In December, NBC News reported that a Mueller report could be delivered to the attorney general as soon as mid-February.
Democratic lawmakers have demanded that Mueller's findings be made public. Top Democrats have said that any potential talk of impeachment is contingent on whether Mueller uncovers new evidence of wrongdoing.
Earlier Friday, Sen. Dianne Feinstein, D-Calif., reiterated her demands that a report be provided to Congress and the public. She said that Mueller's potential report concerned matters that had "implications for the rule of law and stability of our democracy" and that they "cannot be hidden away."
"A summary written by Attorney General Barr in place of the Mueller report will not be acceptable," Feinstein said.
In a letter to Barr dated Friday, the chairs of six influential House committees suggested that withholding evidence uncovered by Mueller could be the means for a "cover-up."

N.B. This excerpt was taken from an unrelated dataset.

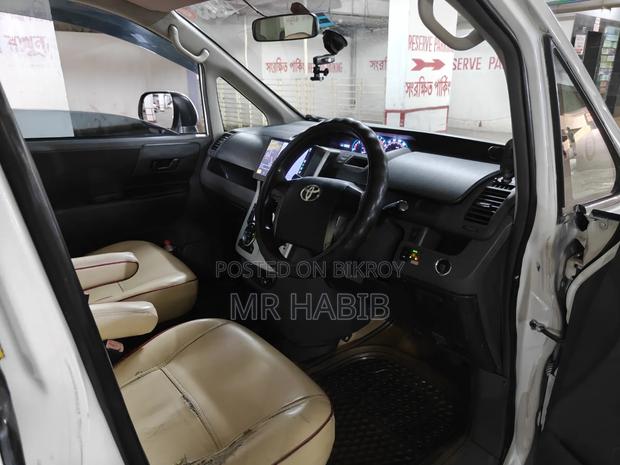 Toyota Noah 2007 Pearl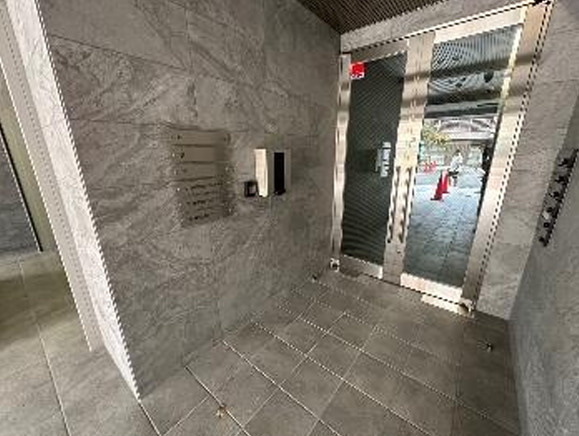 大阪市淀川区西中島４丁目の店舗事務所のエントランス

"After nearly two years of investigation — accompanied by two years of direct attacks on the integrity of the investigation by the President — the public is entitled to know what the Special Counsel has found," wrote the Democrats, including Rep. Jerry Nadler of New York, Rep. Adam Schiff of California, Rep. Elijah Cummings of Maryland, Rep. Eliot Engel of New York, Rep. Maxine Waters of California and Rep. Richard Neal of Massachusetts.